My life is my life. I’m not going to change my life for anybody. I don’t have any problems with it. I just don’t talk about my health, my dad, who I voted for, or what I think of the death penalty, because that would be trivializing my life, selling it for a magazine. I don’t have any problems with anybody reporting on my life. It’s just that I’m not going to bring my family into that. The number-one reason for that is: Why would I invite — encourage — more people to sit outside my door and wait for my children to go to school? I don’t have any desire to participate in it.
Are you happy with the life you’ve created for yourself?

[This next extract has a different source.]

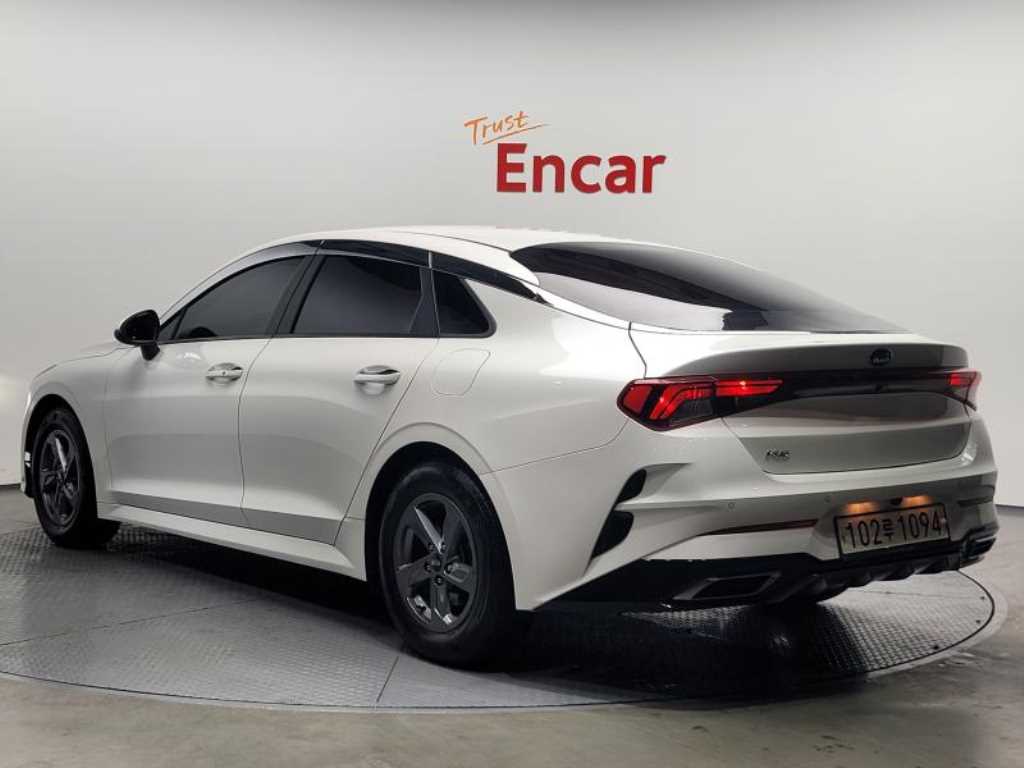 KIA K5 - Vista 5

I’m absolutely over the moon. Ten years ago, I was worried. You know how you worry, if I do this, will this happen? And, I won’t be happy if I’m not this. I’m so happy that this is what I chose. I was able to design a life where … you know, on Thursday, Charlie’s got this little school play he’s doing, and the second-grade summer birthdays, and last week he had the Olympics and he lost and he cried and cried and cried. And I thought to myself, what if I wasn’t here? Clearly, he’d be with somebody else, but it wouldn’t be me. I can’t live with delegating my life so I can work more.

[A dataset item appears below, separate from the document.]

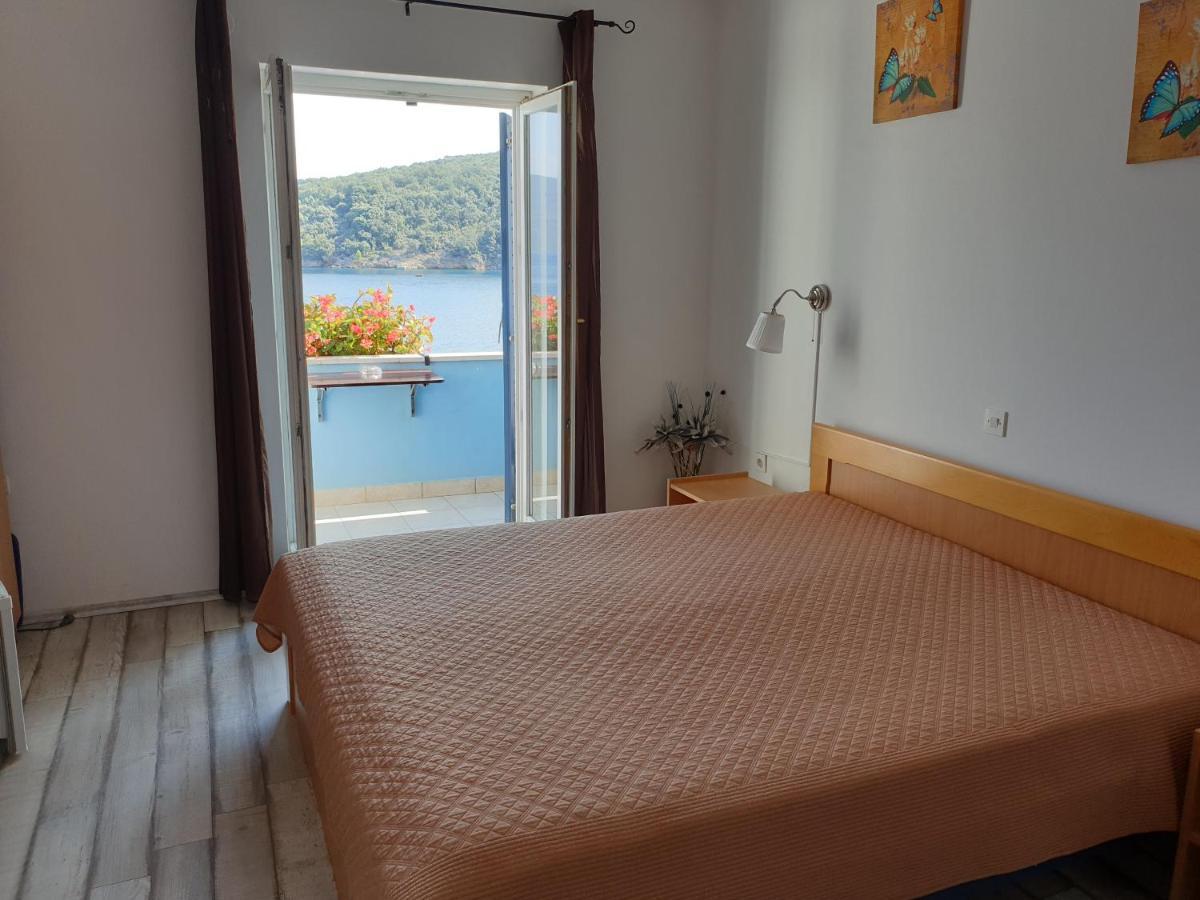Bed and Breakfast Sobe Mamalu Valun Exterior foto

Was "normal" what you always aimed for?
Oh, yeah. I insisted on it. It’s taken a lot of work, though. I insisted on it at 5 years old.
I knew as a young person that if I weren’t paying attention, they would take my life away from me. When I was 7 or 8, I remember them saying, "Listen, we’re going to go to Disneyland. They’re going to take a film crew. You’re going to bring a friend, and they’ll show you going on the rides." I wasn’t much of a rebel. But I was like, [sobbing] "I don’t want to go to Disneyland with a film crew. I just want to go to Disneyland." I didn’t want them to ruin that experience for me. I didn’t want to have the reality show of me going to Disneyland. And I don’t want to pollute my children’s lives.

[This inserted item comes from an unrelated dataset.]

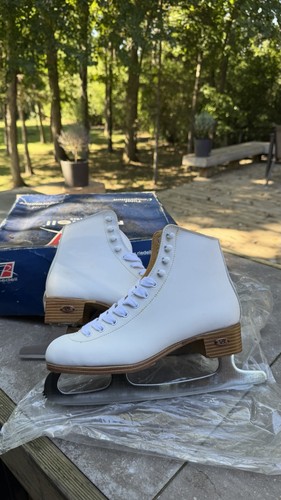 Riedell ice skates figure - ice,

Do you feel that people appreciate the choice you’ve made to maintain your privacy?
I don’t know if anyone appreciates it now. I’m sure there are all sorts of people who don’t like what I’ve chosen. ... I think my kids will understand and respect it. In 20 years, people will look back on my life and I’ll be 65 and Britney Spears will be 45, and I think by then people will understand the value of privacy.